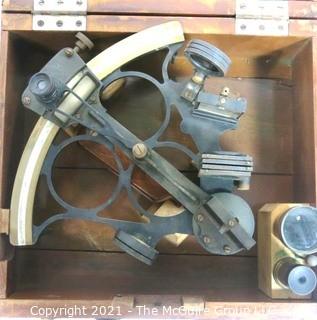 Antique Dutch Sextant Nautical Instrument Made by Kon Ned of Amsterdam (Royal Netherlands Meteorological Institute) in Wood Case with Lens.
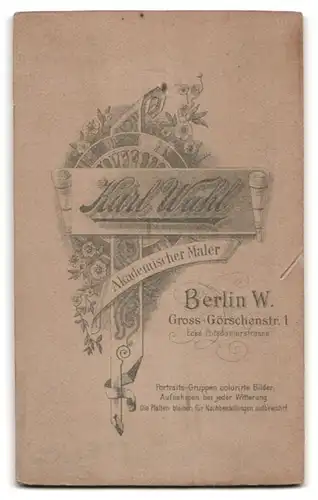 Fotografie Karl Wahl, Berlin, Gross-Görschenstr. 1, Bürgerlicher Mann im grauen Mantel mit Schnurrbart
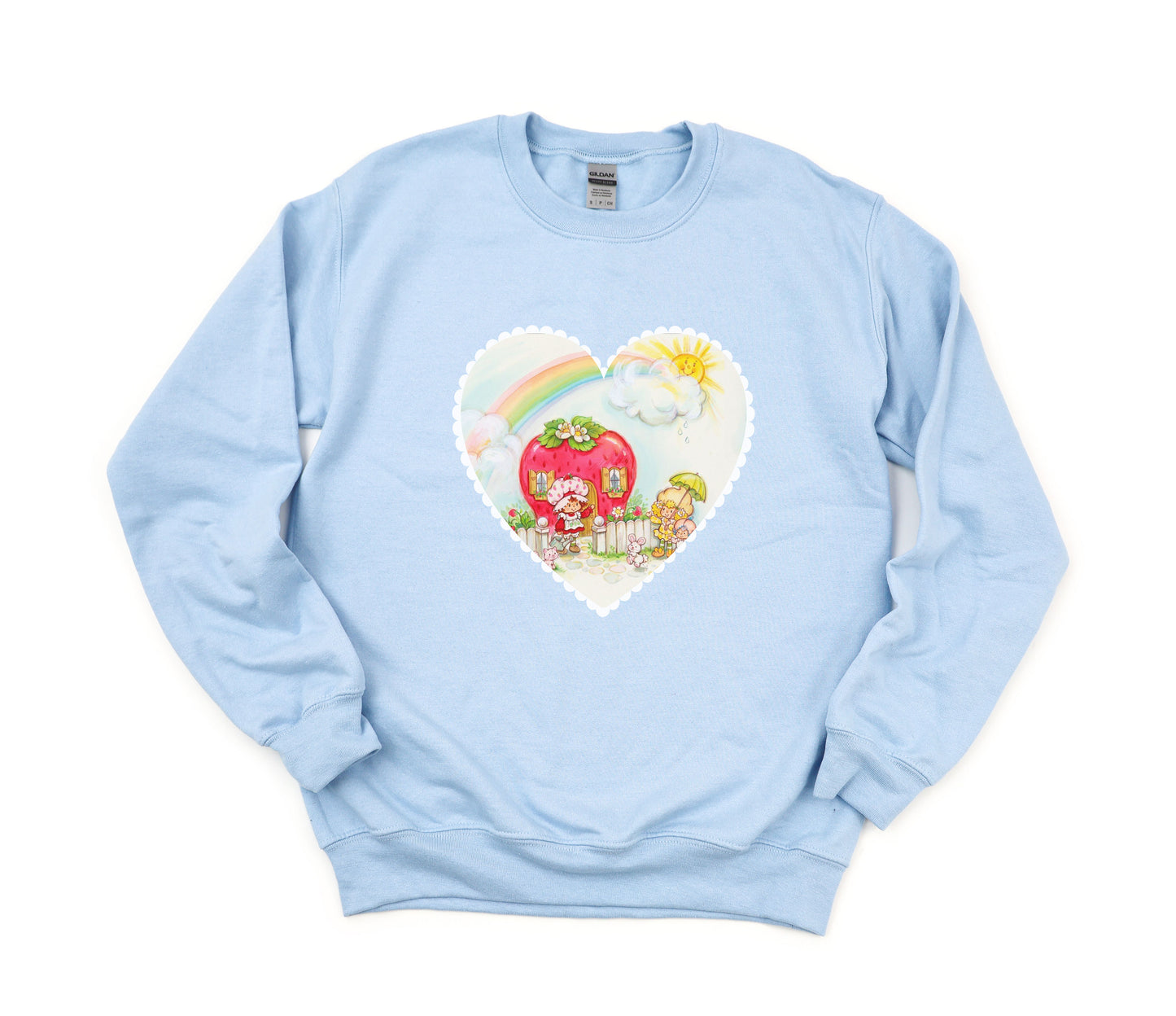 Adorable Vintage 1980's Strawberry Girl Cartoon WIth Rainbow and Sunshine | 80s Vintage Nostalgia Cozy Vintage Drop Shoulder Sweatshirt Sweater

▶ _EXERCISE REQUIREMENTS_: Leave out the pictures, then repeat the listing above exactly from its first line to the line with "Fotografie Karl Wahl, Berlin, Gross-Görschenstr.", inclusive.

▶ _RESPONSE AREA_:
 Antique Dutch Sextant Nautical Instrument Made by Kon Ned of Amsterdam (Royal Netherlands Meteorological Institute) in Wood Case with Lens.
 Fotografie Karl Wahl, Berlin, Gross-Görschenstr. 1, Bürgerlicher Mann im grauen Mantel mit Schnurrbart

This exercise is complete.